Yes.
As you could see with BDSP taking 95% from Diamond and Pearl before postgame, which barely adds anything more from it besides Giratina Origin and the Platinum E4 teams during the pre-Stark Mountain rematches.
Were it not for Platinum, Sinnoh would be as panned as X and Y are today, and much like Arceus was for it, Z-A might be the one chance Kalos has, as they didn't get a second chance to recover from mediocrity for over 10 years while it took Sinnoh around 2.
With how basic the campaign is even to this day in the Switch games, hindsight for sister games/alternate difficulties is why many gens are looked back on so fondly.
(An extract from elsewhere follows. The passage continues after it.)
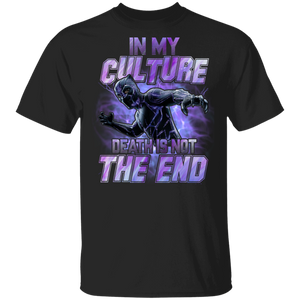 In My Culture Death Is Not The End Cool Movie Character Lover Gift T-Shirt - Macnystore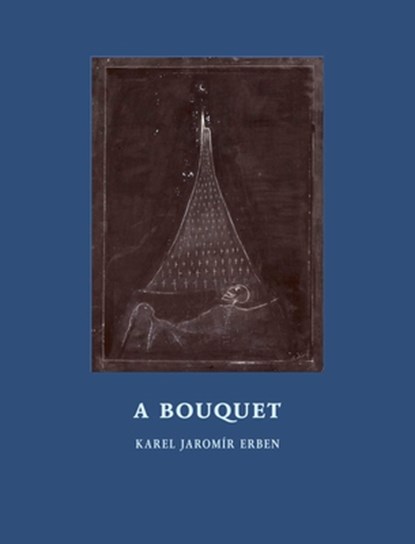 A Bouquet, Karel Jaromir Erben - Gebonden - 9788086264417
Crystal, Emerald, Platinum, B2W2, and to a lesser extent Yellow, FRLG, HGSS, ORAS, USUM.
The only original games people often go to are RGB because they were the originals, and BW for only having Unovan mons in the campaign and (even if basic PETAshit) the best story/JRPG experience at a base level.
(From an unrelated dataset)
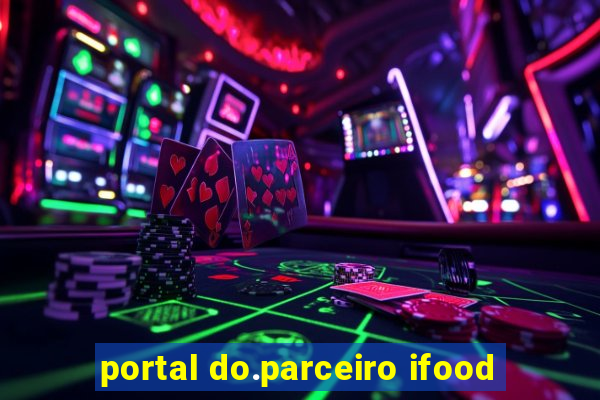 portal do.parceiro ifood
Every other time, you go to the following game or remakes, which is also why the Switch originals like SWSH and SV feel so empty on a playthrough: it's simple by design, and the best you get for replay is paying DLC @50%~ the price of the game for a few extra families in an alternate area like the Isle of Armor or Kitakami, without adding difficulties or adding things in the campaign to reflect this until the VERY END of the final update in rematches where it doesn't matter against your LV100 team.
>TL;DR
Platinum is the strongest example of hindsight of a 'core' entry (first of a generation) followed up by an update/sequel to its main story with extras rather than separate DLC from the experience or being one-and-done, as without it the Sinnoh region wouldn't be considered iconic nearly as much as many do today, and I'd argue it's visible in the Switch games as well, not even adding a possible difficulty option via update post-launch.